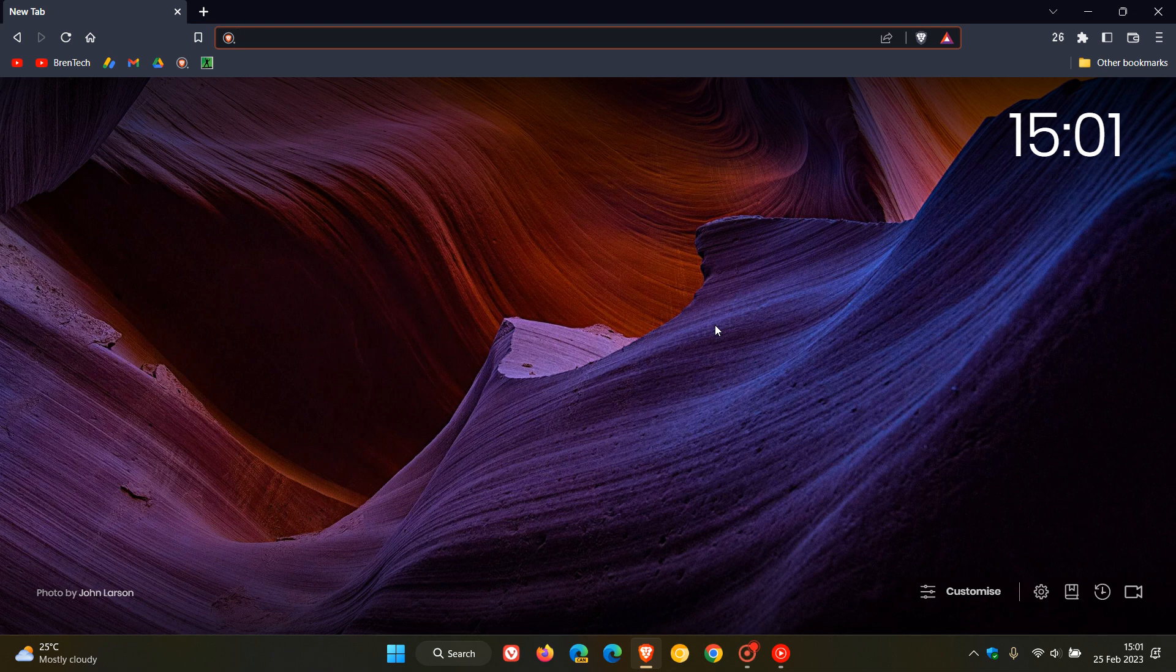And that should then filter out a lot of those in-app prompts for different services trying to get you to open up the website in the actual app and not in the browser.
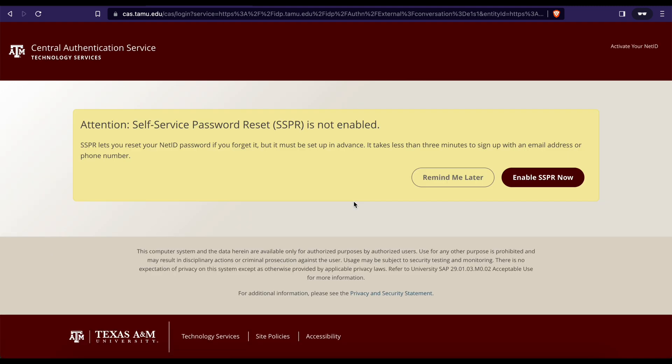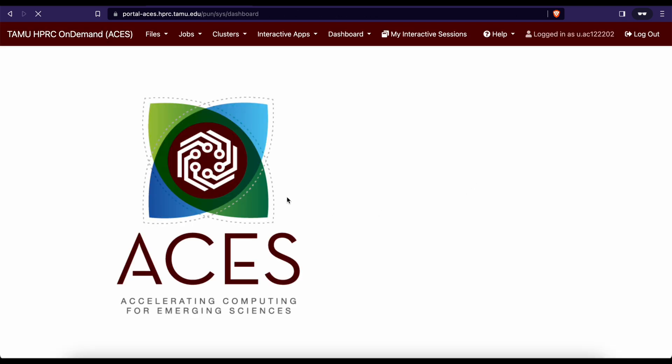You will then be taken to the ASIS on-demand portal. Please check out our other instruction videos for more information. Thank you.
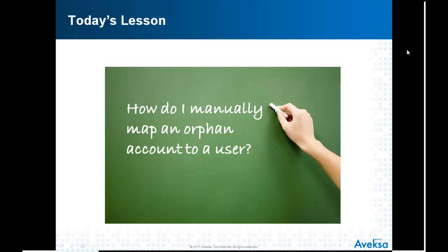Now, orphan accounts are accounts that you find that cannot automatically link back to the correct owner. And so, you know who the owner is and you want to go in and manually make that link between the account and the owner. Very easy process and here to show us how is Pabell.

What to work on:
An exact repetition of the listing is needed, with the pictures dropped.

Exercise answer:
And that should then filter out a lot of those in-app prompts for different services trying to get you to open up the website in the actual app and not in the browser.
You will then be taken to the ASIS on-demand portal. Please check out our other instruction videos for more information. Thank you.
Now, orphan accounts are accounts that you find that cannot automatically link back to the correct owner. And so, you know who the owner is and you want to go in and manually make that link between the account and the owner. Very easy process and here to show us how is Pabell.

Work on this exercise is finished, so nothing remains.